WORK REQUIRED = For the data that follows, print the line with "Fototapeta premium Silhouette", the line with "Green Heartbeat Pattern Print Jogger Pants", and all lines between them, exactly as they stand. Omit pictures and add nothing.

DATA =
Start of Block
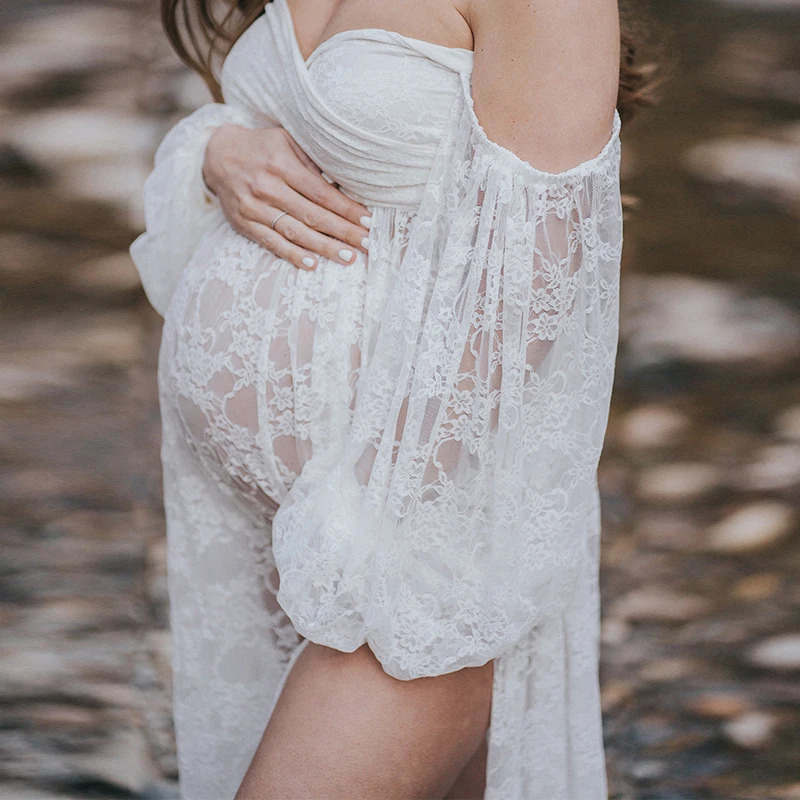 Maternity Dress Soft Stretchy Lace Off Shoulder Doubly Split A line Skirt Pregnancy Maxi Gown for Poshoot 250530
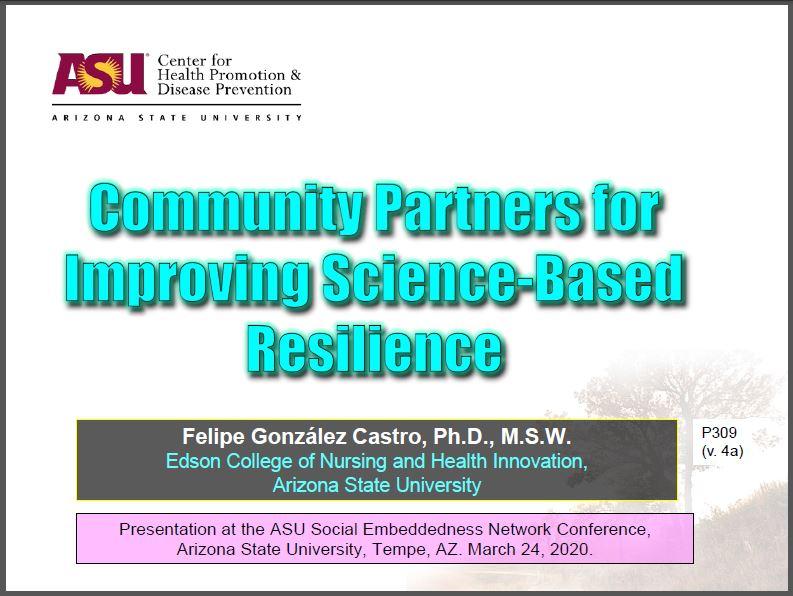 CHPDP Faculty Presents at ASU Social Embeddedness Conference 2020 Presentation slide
End of Block
Start of Block
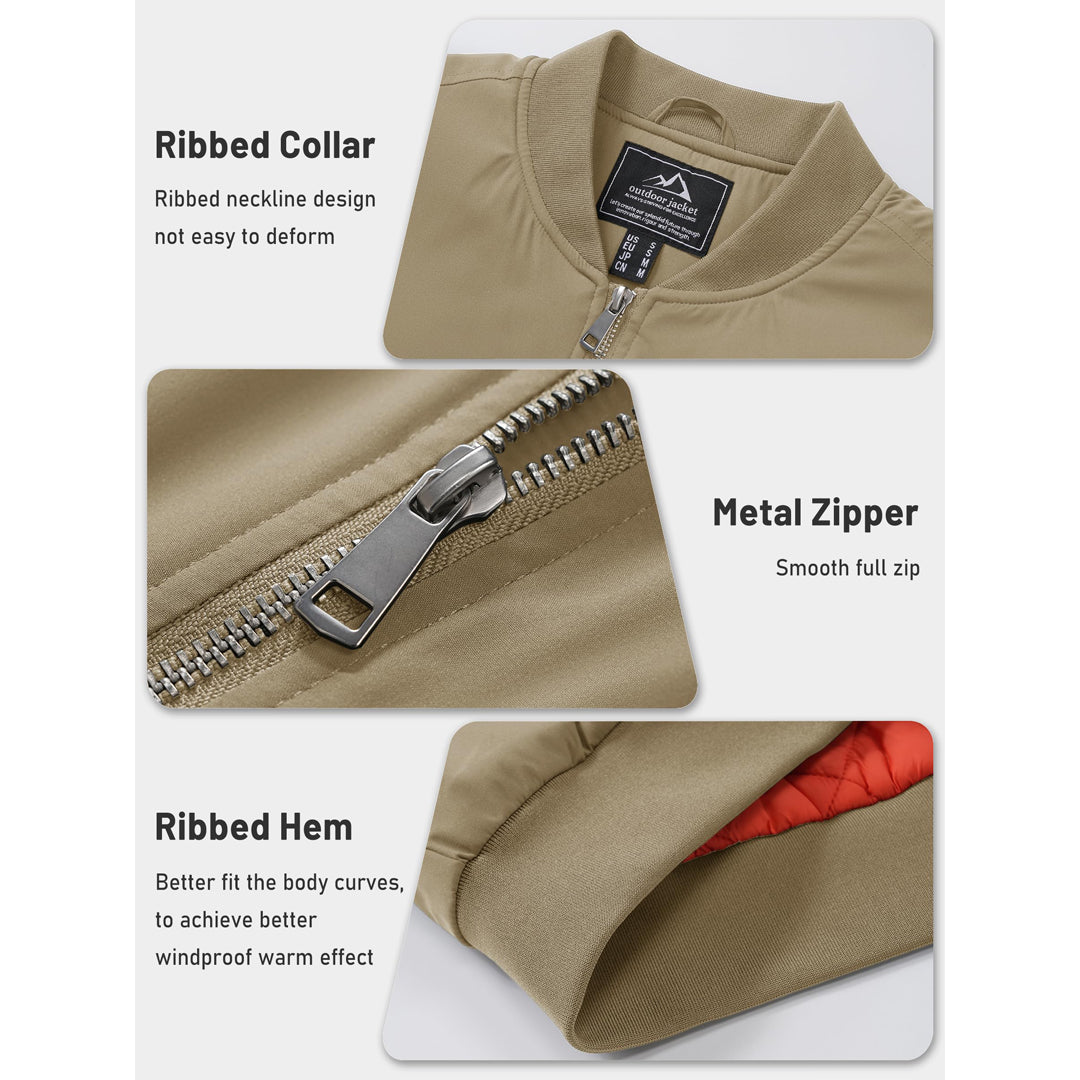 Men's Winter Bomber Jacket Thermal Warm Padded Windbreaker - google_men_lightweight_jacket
End of Block
Start of Block
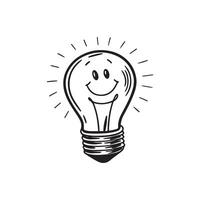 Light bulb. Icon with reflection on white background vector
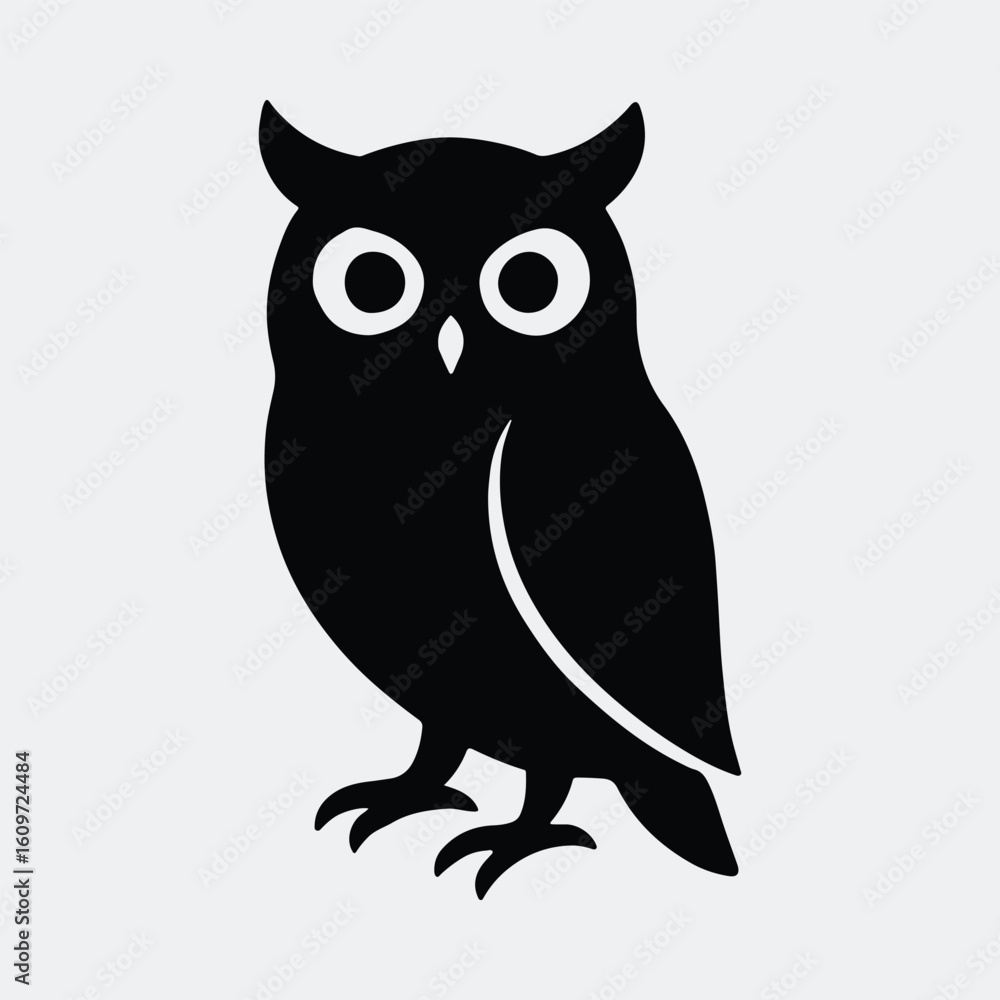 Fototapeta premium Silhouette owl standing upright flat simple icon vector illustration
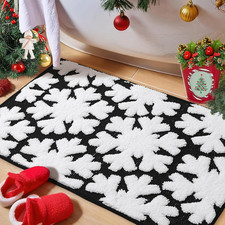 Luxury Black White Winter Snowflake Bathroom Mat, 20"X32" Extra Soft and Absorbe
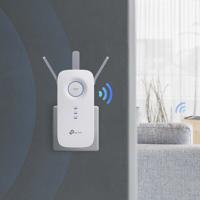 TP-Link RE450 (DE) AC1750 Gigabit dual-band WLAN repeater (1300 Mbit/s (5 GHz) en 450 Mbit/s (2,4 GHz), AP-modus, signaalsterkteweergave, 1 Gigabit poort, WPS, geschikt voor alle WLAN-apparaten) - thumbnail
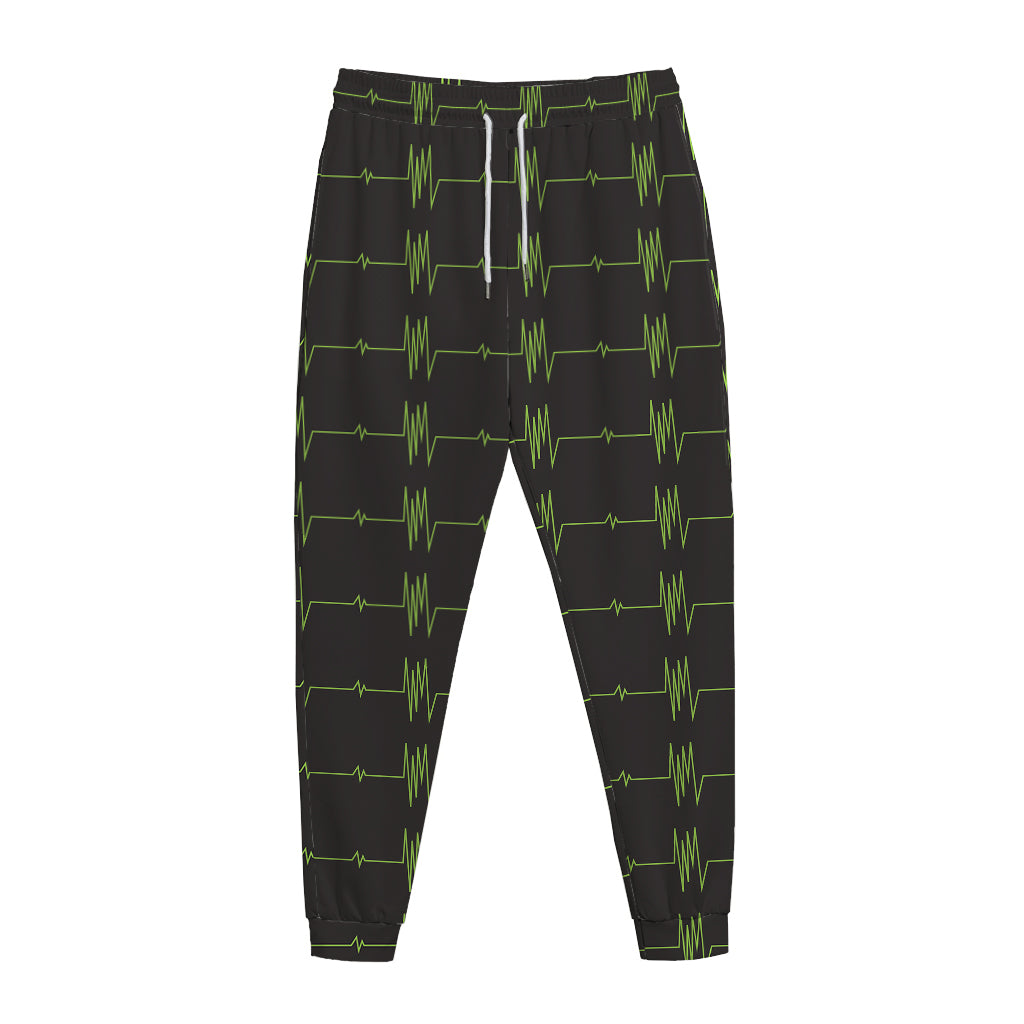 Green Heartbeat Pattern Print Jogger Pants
End of Block
REPLY =
 Fototapeta premium Silhouette owl standing upright flat simple icon vector illustration
 Luxury Black White Winter Snowflake Bathroom Mat, 20"X32" Extra Soft and Absorbe
 TP-Link RE450 (DE) AC1750 Gigabit dual-band WLAN repeater (1300 Mbit/s (5 GHz) en 450 Mbit/s (2,4 GHz), AP-modus, signaalsterkteweergave, 1 Gigabit poort, WPS, geschikt voor alle WLAN-apparaten) - thumbnail
 Green Heartbeat Pattern Print Jogger Pants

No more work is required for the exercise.